* _DATA SUPPLIED_:

☆ ☆ ☆

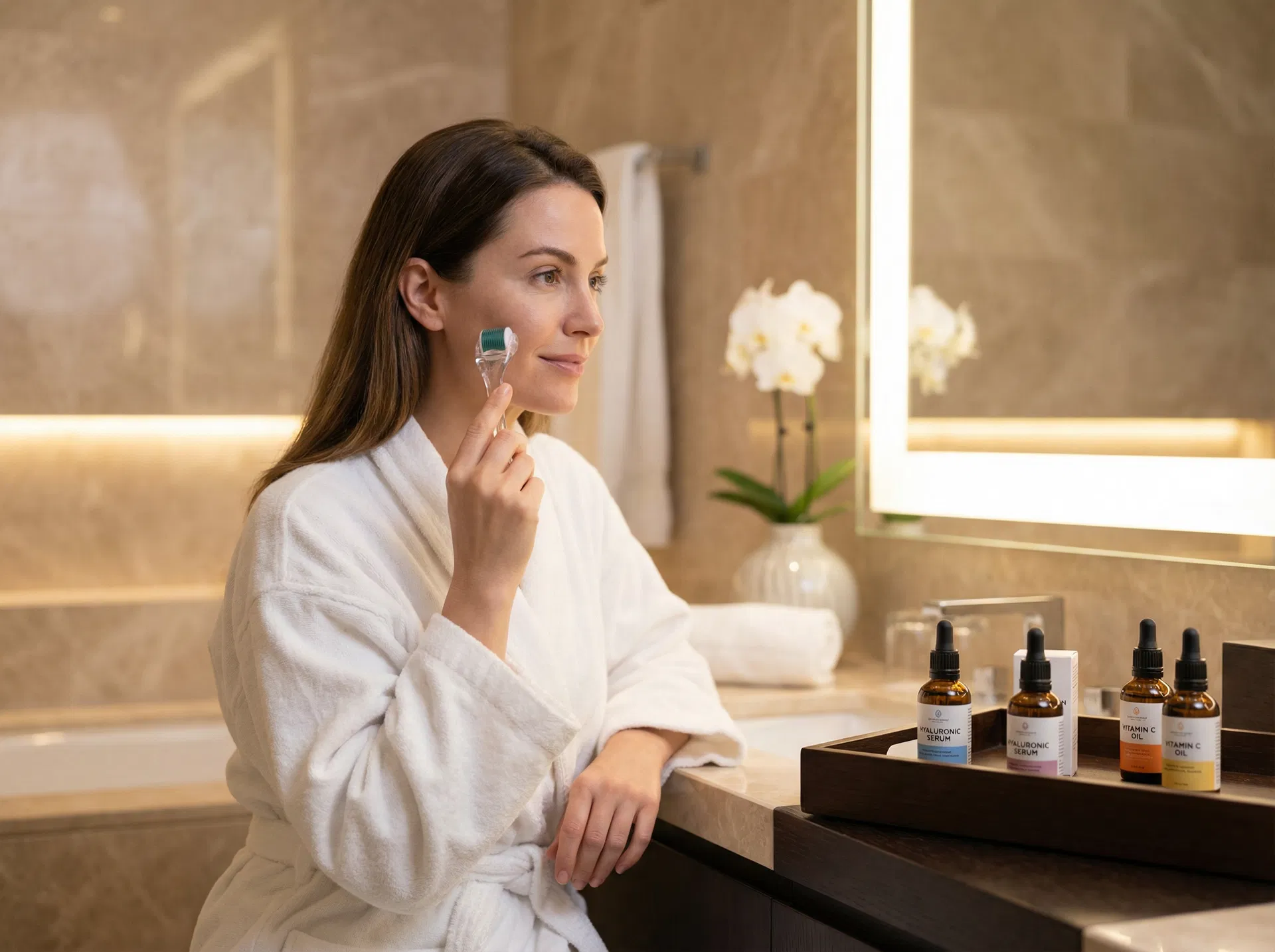 Woman using LUX SKIN micro-infusion roller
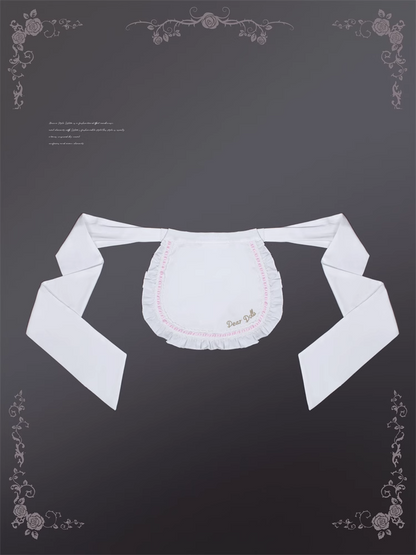 White Self-tie and Lolita Pink Apron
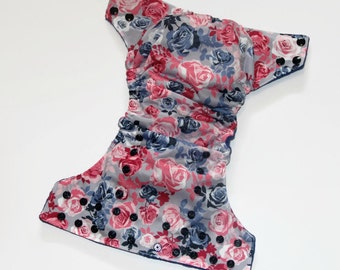 Samantha Rose One Size Pocket Cloth Diaper, Reusable Cloth Diaper, One Size Cloth Nappy, Pocket Cloth Nappy, One Size Diaper Cover, Roses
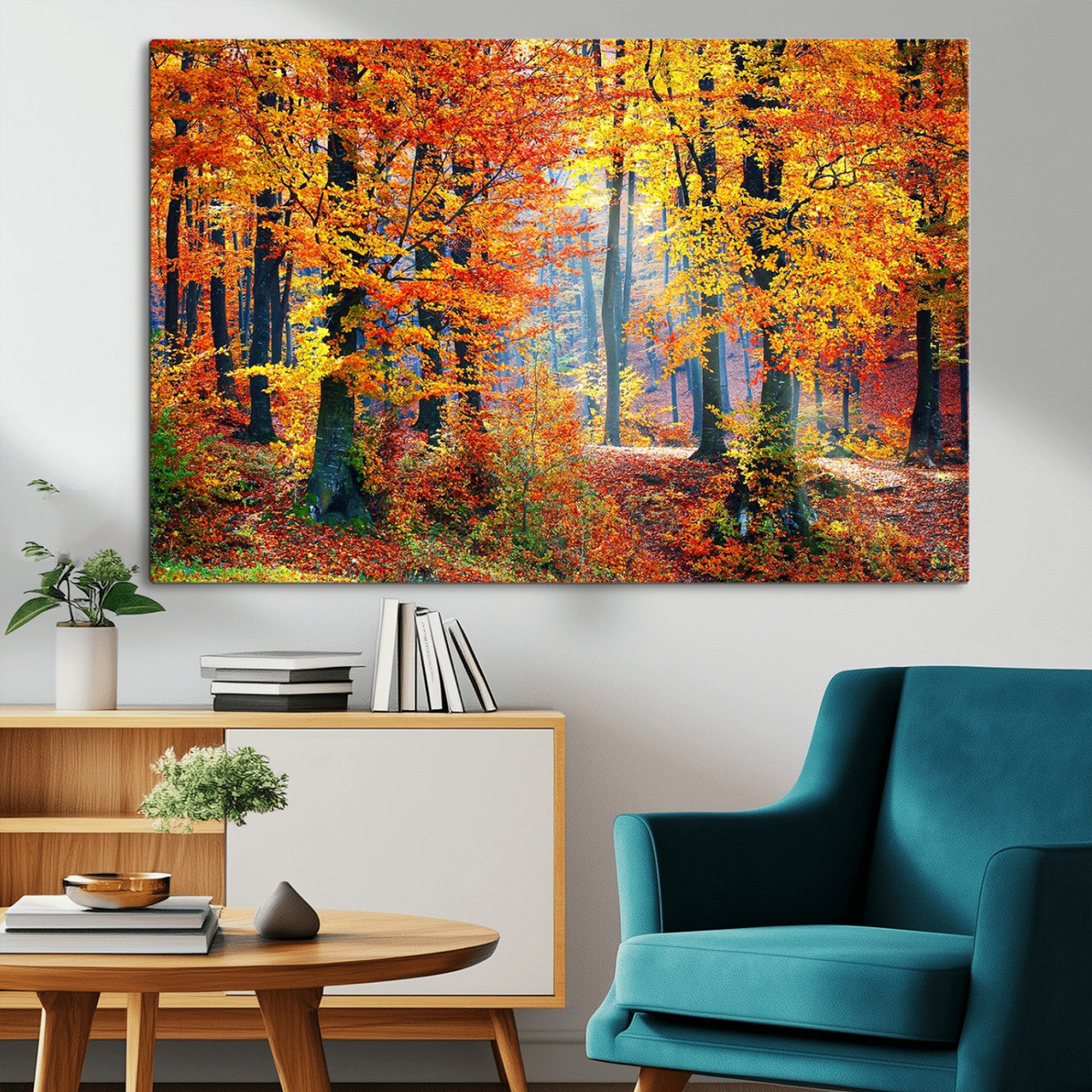 MGV-CV-36X24 - Autumn Red Forest Triptych Canvas Wall Art Print, Forest Wall Decor, Fall Landscape Art | Season Nature Landscape for Home or Office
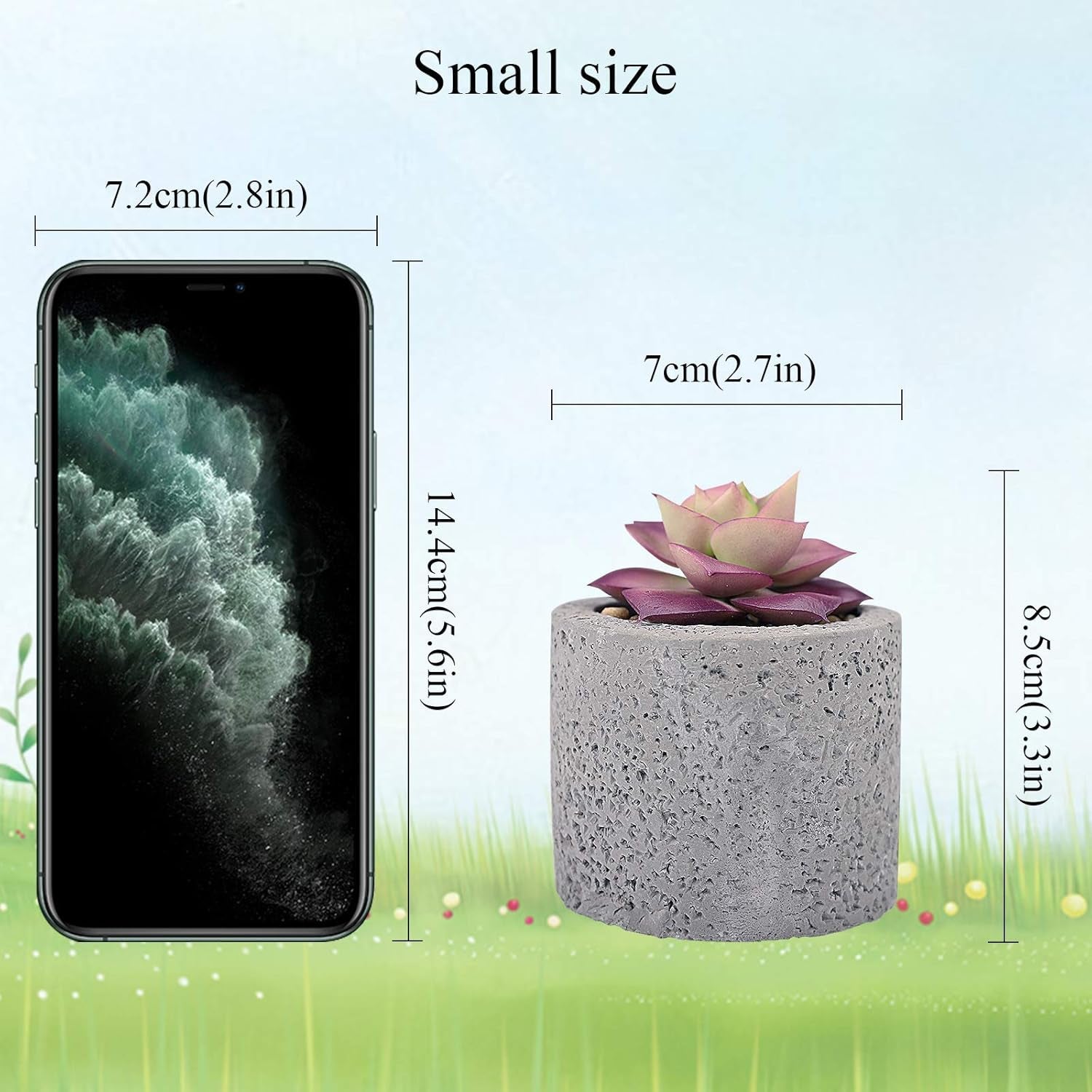 Hopewood Small Succulents Artificial Tiny Plants Faux Succulents in Pots, Small Plants for Shelf Desk Home Decor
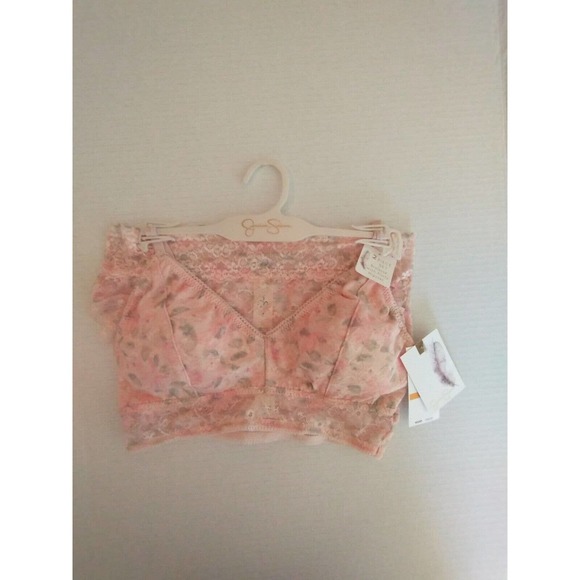 NWT Jessica Simpson 2 Piece Pink Floral Bralette And Hipster Panties Set sz S - Picture 8 of 9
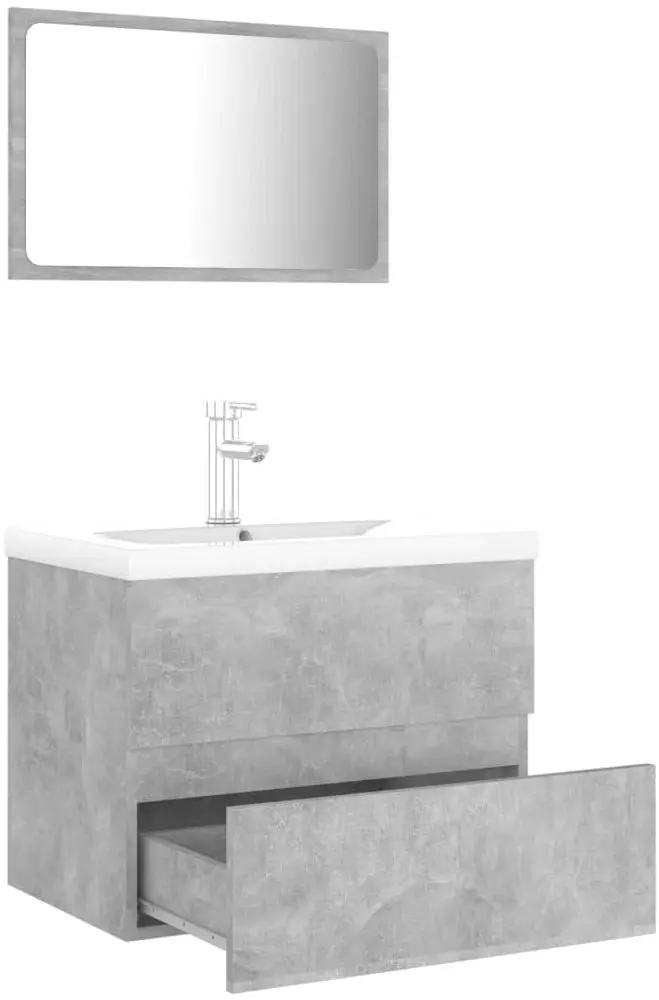 Set de mobila pentru baie VidaXL 3071679 (Concrete Grey) - 2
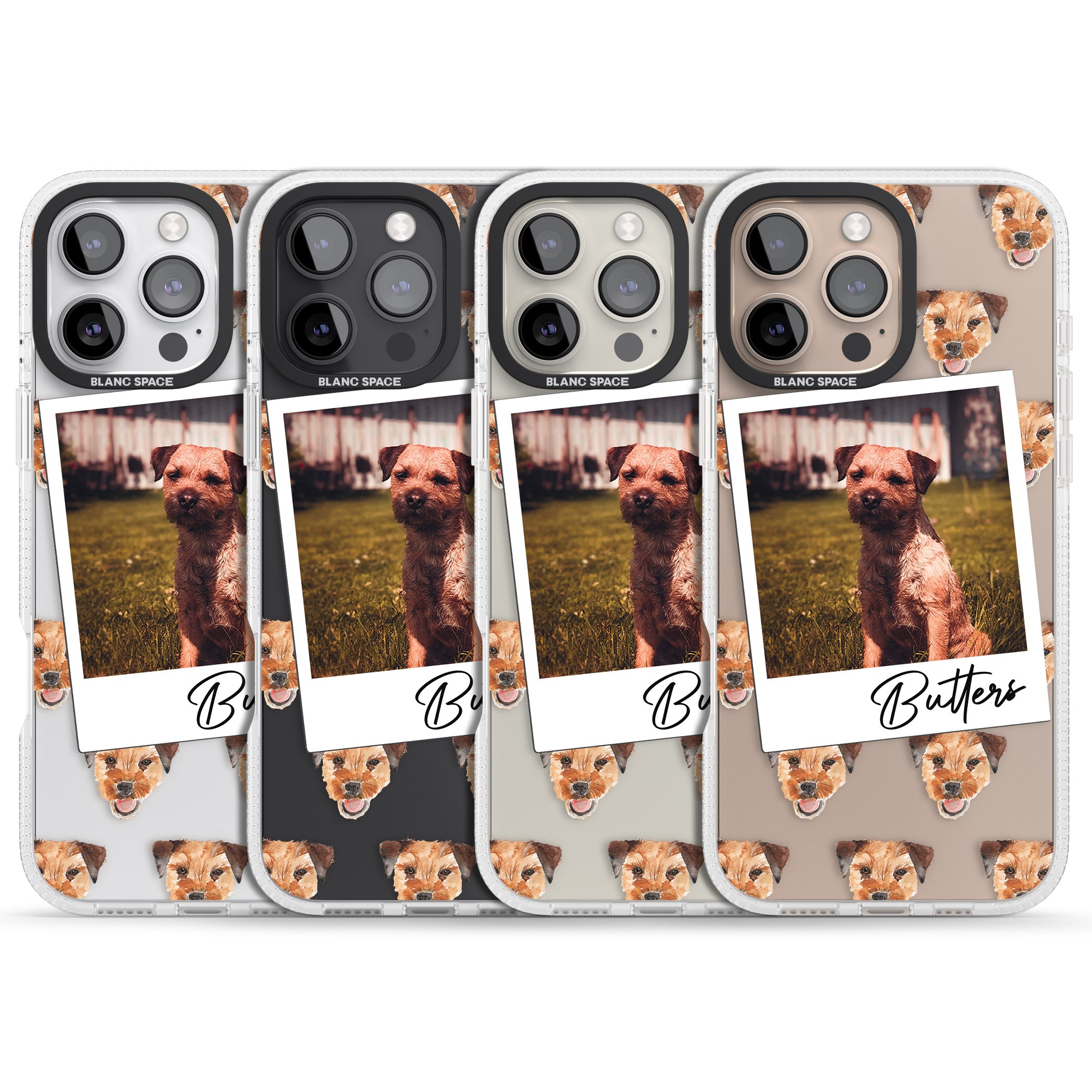 Personalised Border Terrier - Dog Photo iPhone 16 Pro Max / 16 Pro Clear Case Impact Air - Blanc Space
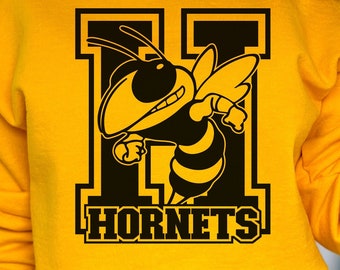 Hornets School Spirit Svg Cricut Cut File, Hornet Clipart, Shirt Design, Hornet Team Mascot Svg, Png, Eps File, Hornet Silhouette Cut Files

☆ ☆ ☆

* _TASK GOAL_: The answer should consist only of the lines from the one with "Set de mobila" through the last line of the material above, copied exactly, with no pictures.

* _RESPONSE BELOW_:
 Set de mobila pentru baie VidaXL 3071679 (Concrete Grey) - 2
 Personalised Border Terrier - Dog Photo iPhone 16 Pro Max / 16 Pro Clear Case Impact Air - Blanc Space
 Hornets School Spirit Svg Cricut Cut File, Hornet Clipart, Shirt Design, Hornet Team Mascot Svg, Png, Eps File, Hornet Silhouette Cut Files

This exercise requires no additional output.